WHAT TO PRODUCE:
A word-for-word reproduction of the listing is required.

EXTRACTED INFORMATION:
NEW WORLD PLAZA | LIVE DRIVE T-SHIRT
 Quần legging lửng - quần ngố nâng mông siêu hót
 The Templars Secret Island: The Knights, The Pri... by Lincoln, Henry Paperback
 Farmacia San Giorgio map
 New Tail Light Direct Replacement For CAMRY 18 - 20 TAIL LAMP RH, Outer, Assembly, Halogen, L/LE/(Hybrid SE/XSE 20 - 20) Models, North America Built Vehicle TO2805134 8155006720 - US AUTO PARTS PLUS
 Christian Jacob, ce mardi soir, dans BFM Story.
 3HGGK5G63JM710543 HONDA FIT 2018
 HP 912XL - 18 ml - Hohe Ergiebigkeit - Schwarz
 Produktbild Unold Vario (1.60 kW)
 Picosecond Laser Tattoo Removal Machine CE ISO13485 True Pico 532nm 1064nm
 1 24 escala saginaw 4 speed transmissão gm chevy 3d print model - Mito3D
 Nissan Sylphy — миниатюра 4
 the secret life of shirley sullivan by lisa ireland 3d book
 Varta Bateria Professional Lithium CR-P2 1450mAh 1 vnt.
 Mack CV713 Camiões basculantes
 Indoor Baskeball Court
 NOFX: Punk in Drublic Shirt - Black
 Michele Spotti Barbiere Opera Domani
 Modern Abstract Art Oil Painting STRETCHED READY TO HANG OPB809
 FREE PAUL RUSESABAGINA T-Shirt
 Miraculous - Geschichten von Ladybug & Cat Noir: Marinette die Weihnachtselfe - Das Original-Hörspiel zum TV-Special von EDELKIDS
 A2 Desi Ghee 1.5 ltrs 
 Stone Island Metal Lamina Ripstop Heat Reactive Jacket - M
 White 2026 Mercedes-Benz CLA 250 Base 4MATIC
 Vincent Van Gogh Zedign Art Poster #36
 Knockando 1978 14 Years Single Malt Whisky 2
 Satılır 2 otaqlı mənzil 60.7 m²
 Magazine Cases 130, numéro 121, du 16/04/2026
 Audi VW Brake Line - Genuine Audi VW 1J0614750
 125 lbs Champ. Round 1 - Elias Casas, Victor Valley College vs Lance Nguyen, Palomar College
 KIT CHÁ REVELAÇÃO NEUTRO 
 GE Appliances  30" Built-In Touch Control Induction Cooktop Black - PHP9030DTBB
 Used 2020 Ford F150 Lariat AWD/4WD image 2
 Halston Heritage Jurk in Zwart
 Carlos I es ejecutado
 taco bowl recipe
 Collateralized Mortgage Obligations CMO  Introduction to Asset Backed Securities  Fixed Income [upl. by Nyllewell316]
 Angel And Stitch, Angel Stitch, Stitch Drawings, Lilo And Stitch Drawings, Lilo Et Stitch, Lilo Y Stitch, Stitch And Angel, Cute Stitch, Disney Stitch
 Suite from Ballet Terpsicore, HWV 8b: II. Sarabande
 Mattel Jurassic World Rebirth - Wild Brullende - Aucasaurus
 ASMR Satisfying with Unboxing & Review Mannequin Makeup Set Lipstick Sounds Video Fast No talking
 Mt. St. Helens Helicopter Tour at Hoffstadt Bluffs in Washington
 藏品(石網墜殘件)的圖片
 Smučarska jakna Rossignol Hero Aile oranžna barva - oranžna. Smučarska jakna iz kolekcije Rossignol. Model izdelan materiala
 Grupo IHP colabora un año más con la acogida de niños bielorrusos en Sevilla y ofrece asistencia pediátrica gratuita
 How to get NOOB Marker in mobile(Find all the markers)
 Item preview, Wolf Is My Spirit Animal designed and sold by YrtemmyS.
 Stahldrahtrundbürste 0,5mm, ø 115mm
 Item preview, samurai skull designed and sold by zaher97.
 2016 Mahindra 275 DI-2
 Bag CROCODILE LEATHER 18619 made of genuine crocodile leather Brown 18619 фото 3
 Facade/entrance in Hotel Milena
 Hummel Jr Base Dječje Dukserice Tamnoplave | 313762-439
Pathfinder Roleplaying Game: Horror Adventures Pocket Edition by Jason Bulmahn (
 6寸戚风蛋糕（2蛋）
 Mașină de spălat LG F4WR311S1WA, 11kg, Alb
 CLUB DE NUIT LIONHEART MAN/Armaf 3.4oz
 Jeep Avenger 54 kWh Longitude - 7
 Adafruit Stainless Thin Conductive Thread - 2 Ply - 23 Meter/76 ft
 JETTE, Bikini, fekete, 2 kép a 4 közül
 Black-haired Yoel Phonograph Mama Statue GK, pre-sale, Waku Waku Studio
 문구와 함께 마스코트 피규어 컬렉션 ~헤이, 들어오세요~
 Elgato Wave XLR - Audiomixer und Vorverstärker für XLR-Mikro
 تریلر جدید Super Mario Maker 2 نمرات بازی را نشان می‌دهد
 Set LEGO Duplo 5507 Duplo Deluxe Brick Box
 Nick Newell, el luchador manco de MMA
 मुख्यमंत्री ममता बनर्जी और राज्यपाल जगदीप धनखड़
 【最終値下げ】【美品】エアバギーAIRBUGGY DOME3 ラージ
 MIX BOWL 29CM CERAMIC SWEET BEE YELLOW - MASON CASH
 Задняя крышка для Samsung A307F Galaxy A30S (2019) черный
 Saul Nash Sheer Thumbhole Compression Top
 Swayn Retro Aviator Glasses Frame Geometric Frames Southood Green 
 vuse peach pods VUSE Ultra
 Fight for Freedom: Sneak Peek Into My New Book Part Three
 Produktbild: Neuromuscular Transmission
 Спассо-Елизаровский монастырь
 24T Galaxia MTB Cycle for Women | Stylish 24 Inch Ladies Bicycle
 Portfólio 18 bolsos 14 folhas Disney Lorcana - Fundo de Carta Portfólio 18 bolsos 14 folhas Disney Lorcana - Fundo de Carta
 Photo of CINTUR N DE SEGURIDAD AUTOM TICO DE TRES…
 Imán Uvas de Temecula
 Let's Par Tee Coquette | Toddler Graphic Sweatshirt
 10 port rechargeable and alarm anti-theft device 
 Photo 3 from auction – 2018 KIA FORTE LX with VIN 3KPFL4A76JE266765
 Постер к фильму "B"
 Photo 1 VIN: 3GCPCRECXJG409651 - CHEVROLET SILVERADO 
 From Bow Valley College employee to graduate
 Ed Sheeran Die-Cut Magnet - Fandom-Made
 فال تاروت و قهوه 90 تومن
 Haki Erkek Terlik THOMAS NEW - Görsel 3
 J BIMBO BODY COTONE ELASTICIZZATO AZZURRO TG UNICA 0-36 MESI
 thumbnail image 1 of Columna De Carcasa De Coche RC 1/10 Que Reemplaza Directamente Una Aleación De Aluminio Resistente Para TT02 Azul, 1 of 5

WRITTEN RESPONSE:
NEW WORLD PLAZA | LIVE DRIVE T-SHIRT
 Quần legging lửng - quần ngố nâng mông siêu hót
 The Templars Secret Island: The Knights, The Pri... by Lincoln, Henry Paperback
 Farmacia San Giorgio map
 New Tail Light Direct Replacement For CAMRY 18 - 20 TAIL LAMP RH, Outer, Assembly, Halogen, L/LE/(Hybrid SE/XSE 20 - 20) Models, North America Built Vehicle TO2805134 8155006720 - US AUTO PARTS PLUS
 Christian Jacob, ce mardi soir, dans BFM Story.
 3HGGK5G63JM710543 HONDA FIT 2018
 HP 912XL - 18 ml - Hohe Ergiebigkeit - Schwarz
 Produktbild Unold Vario (1.60 kW)
 Picosecond Laser Tattoo Removal Machine CE ISO13485 True Pico 532nm 1064nm
 1 24 escala saginaw 4 speed transmissão gm chevy 3d print model - Mito3D
 Nissan Sylphy — миниатюра 4
 the secret life of shirley sullivan by lisa ireland 3d book
 Varta Bateria Professional Lithium CR-P2 1450mAh 1 vnt.
 Mack CV713 Camiões basculantes
 Indoor Baskeball Court
 NOFX: Punk in Drublic Shirt - Black
 Michele Spotti Barbiere Opera Domani
 Modern Abstract Art Oil Painting STRETCHED READY TO HANG OPB809
 FREE PAUL RUSESABAGINA T-Shirt
 Miraculous - Geschichten von Ladybug & Cat Noir: Marinette die Weihnachtselfe - Das Original-Hörspiel zum TV-Special von EDELKIDS
 A2 Desi Ghee 1.5 ltrs 
 Stone Island Metal Lamina Ripstop Heat Reactive Jacket - M
 White 2026 Mercedes-Benz CLA 250 Base 4MATIC
 Vincent Van Gogh Zedign Art Poster #36
 Knockando 1978 14 Years Single Malt Whisky 2
 Satılır 2 otaqlı mənzil 60.7 m²
 Magazine Cases 130, numéro 121, du 16/04/2026
 Audi VW Brake Line - Genuine Audi VW 1J0614750
 125 lbs Champ. Round 1 - Elias Casas, Victor Valley College vs Lance Nguyen, Palomar College
 KIT CHÁ REVELAÇÃO NEUTRO 
 GE Appliances  30" Built-In Touch Control Induction Cooktop Black - PHP9030DTBB
 Used 2020 Ford F150 Lariat AWD/4WD image 2
 Halston Heritage Jurk in Zwart
 Carlos I es ejecutado
 taco bowl recipe
 Collateralized Mortgage Obligations CMO  Introduction to Asset Backed Securities  Fixed Income [upl. by Nyllewell316]
 Angel And Stitch, Angel Stitch, Stitch Drawings, Lilo And Stitch Drawings, Lilo Et Stitch, Lilo Y Stitch, Stitch And Angel, Cute Stitch, Disney Stitch
 Suite from Ballet Terpsicore, HWV 8b: II. Sarabande
 Mattel Jurassic World Rebirth - Wild Brullende - Aucasaurus
 ASMR Satisfying with Unboxing & Review Mannequin Makeup Set Lipstick Sounds Video Fast No talking
 Mt. St. Helens Helicopter Tour at Hoffstadt Bluffs in Washington
 藏品(石網墜殘件)的圖片
 Smučarska jakna Rossignol Hero Aile oranžna barva - oranžna. Smučarska jakna iz kolekcije Rossignol. Model izdelan materiala
 Grupo IHP colabora un año más con la acogida de niños bielorrusos en Sevilla y ofrece asistencia pediátrica gratuita
 How to get NOOB Marker in mobile(Find all the markers)
 Item preview, Wolf Is My Spirit Animal designed and sold by YrtemmyS.
 Stahldrahtrundbürste 0,5mm, ø 115mm
 Item preview, samurai skull designed and sold by zaher97.
 2016 Mahindra 275 DI-2
 Bag CROCODILE LEATHER 18619 made of genuine crocodile leather Brown 18619 фото 3
 Facade/entrance in Hotel Milena
 Hummel Jr Base Dječje Dukserice Tamnoplave | 313762-439
Pathfinder Roleplaying Game: Horror Adventures Pocket Edition by Jason Bulmahn (
 6寸戚风蛋糕（2蛋）
 Mașină de spălat LG F4WR311S1WA, 11kg, Alb
 CLUB DE NUIT LIONHEART MAN/Armaf 3.4oz
 Jeep Avenger 54 kWh Longitude - 7
 Adafruit Stainless Thin Conductive Thread - 2 Ply - 23 Meter/76 ft
 JETTE, Bikini, fekete, 2 kép a 4 közül
 Black-haired Yoel Phonograph Mama Statue GK, pre-sale, Waku Waku Studio
 문구와 함께 마스코트 피규어 컬렉션 ~헤이, 들어오세요~
 Elgato Wave XLR - Audiomixer und Vorverstärker für XLR-Mikro
 تریلر جدید Super Mario Maker 2 نمرات بازی را نشان می‌دهد
 Set LEGO Duplo 5507 Duplo Deluxe Brick Box
 Nick Newell, el luchador manco de MMA
 मुख्यमंत्री ममता बनर्जी और राज्यपाल जगदीप धनखड़
 【最終値下げ】【美品】エアバギーAIRBUGGY DOME3 ラージ
 MIX BOWL 29CM CERAMIC SWEET BEE YELLOW - MASON CASH
 Задняя крышка для Samsung A307F Galaxy A30S (2019) черный
 Saul Nash Sheer Thumbhole Compression Top
 Swayn Retro Aviator Glasses Frame Geometric Frames Southood Green 
 vuse peach pods VUSE Ultra
 Fight for Freedom: Sneak Peek Into My New Book Part Three
 Produktbild: Neuromuscular Transmission
 Спассо-Елизаровский монастырь
 24T Galaxia MTB Cycle for Women | Stylish 24 Inch Ladies Bicycle
 Portfólio 18 bolsos 14 folhas Disney Lorcana - Fundo de Carta Portfólio 18 bolsos 14 folhas Disney Lorcana - Fundo de Carta
 Photo of CINTUR N DE SEGURIDAD AUTOM TICO DE TRES…
 Imán Uvas de Temecula
 Let's Par Tee Coquette | Toddler Graphic Sweatshirt
 10 port rechargeable and alarm anti-theft device 
 Photo 3 from auction – 2018 KIA FORTE LX with VIN 3KPFL4A76JE266765
 Постер к фильму "B"
 Photo 1 VIN: 3GCPCRECXJG409651 - CHEVROLET SILVERADO 
 From Bow Valley College employee to graduate
 Ed Sheeran Die-Cut Magnet - Fandom-Made
 فال تاروت و قهوه 90 تومن
 Haki Erkek Terlik THOMAS NEW - Görsel 3
 J BIMBO BODY COTONE ELASTICIZZATO AZZURRO TG UNICA 0-36 MESI
 thumbnail image 1 of Columna De Carcasa De Coche RC 1/10 Que Reemplaza Directamente Una Aleación De Aluminio Resistente Para TT02 Azul, 1 of 5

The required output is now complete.